The love parades left her dizzy with excitement, then dizzy with boredom.
I’m gay, love me.
I’m a woman, love me.
I matter, love me.
It is a love that leaves one spinning through the streets of confusion, like being given too much wine, too many compliments. Eventually she can no longer hear herself beneath the noise as she runs toward the next version of “love,” the one that thrills her for a moment before leaving her flat again.
This love, or life, or creation does both. It lifts and drops. It fills and empties. And in the constant movement, one can become exhausted, angry, entitled, arrogant, confused, and bitter.
It is the motion of a leaf caught in the wind.
The difference is that the leaf goes with it.
Humans don’t.
Humans resist.
They cling to what feels good and fight what feels bad. They don’t know how to receive life when their ego and sense of self have grown too large—whether they built it themselves or inherited it from others and spent years nurturing it. In the end, it makes little difference. Everything eventually falls away. Everything eventually leaves.
To receive love is not to become caught in it.
It is to remain peaceful and grounded in what you are.
Then anything can come.
Praise.
Hatred.
Recognition.
Rejection.
Compliments.
Negativity.
All of it belongs to the same field of experience.

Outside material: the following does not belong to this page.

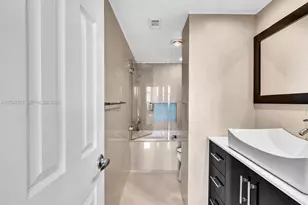 4400 Hillcrest Dr, Hollywood, FL 33021 - Photo 26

And if something registers deeply within you, if it hooks you or wounds you or inflates you, then it is revealing a part of yourself that still seeks separation.
For why would anyone who truly loves themselves reject any part of themselves?
And why would anyone who truly loves themselves reject any part of you?
Love is not found in the parade.
It is found in the one who can watch the parade pass by and remain whole.